Al amanecer pía algún pajarillo despistado, pero a las ocho de la mañana la obra de enfrente rompe aguas y empiezan los martillazos, los gritos (hablando se entiende la gente) y el follón de los volquetes, las grúas y los compresores. Durante las horas siguientes, el estrépito del susodicho tajo sirve al menos para apagar los susurros internos de mi propio edificio: el bebé de abajo, el vecino aficionado al bricolaje, las subidas y bajadas por la escalera y demás; pero no ahoga los alaridos de las sirenas (vivo en una calle que es paso habitual de ambulancias) ni los ocasionales bramidos de aviones y helicópteros ni mucho menos la sierra de disco que alguien (no sé quién, pero ya tengo ganas de localizarlo) maneja en algún lugar muy próximo.

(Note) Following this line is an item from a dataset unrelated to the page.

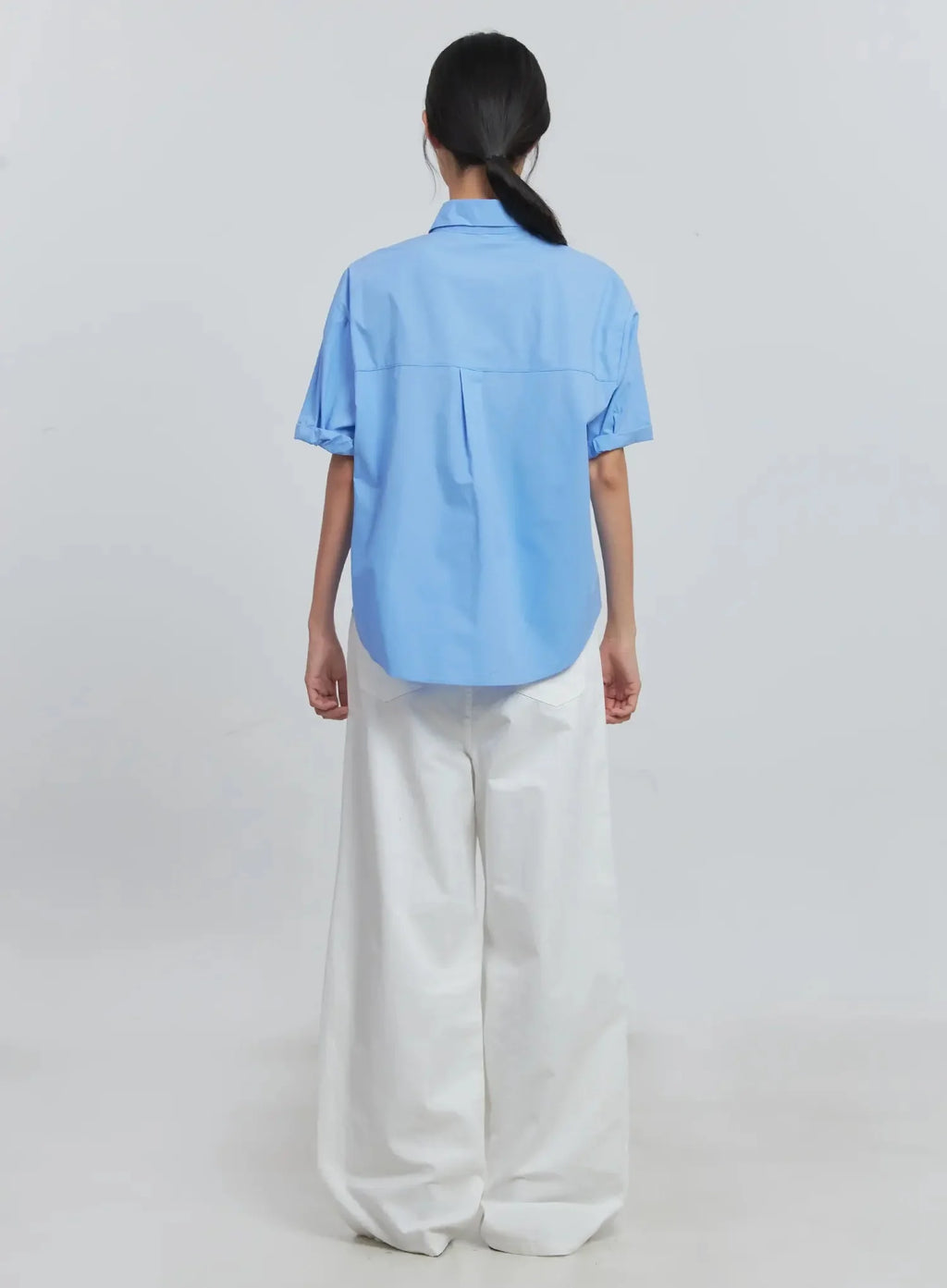 Roll-Up Short-Sleeve Collared Shirt IU512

Frenan los autobuses en la parada del veintinueve, vuelven sierras y compresores en sesión de tarde. Al anochecer alborotan los televisores, más eso no es casi nada comparado con lo que viene luego. Cuando ya no hay obras ni bricolages, destacan sobre el supuesto silencio nocturno los escapes de las motocicletas y a partir de las doce el cris-cras ¡brooommm! de los camiones de la basura cada vez que engullen un contenedor lleno de porquería. Entonces, pasada la una de la madrugada, se hace un instante de silencio; mas apenas dan las dos, como ya es fin de semana, empiezan a pasar por la calle las pandillas que vuelven del Rollo . Así arranca una fase de cánticos, aullidos, imprecaciones, broncas, regurgitaciones, golpes a las persianas metálicas, llanto y crujir de dientes.

Pasada la marabunta, son las cuatro del día siguiente. Te dices: Ahora podré descansar. Y justo en ese momento se dispara la alarma de algún coche, tiu-tiu-tiu, que suena, se para, suena, se para... ¡Socorrooo!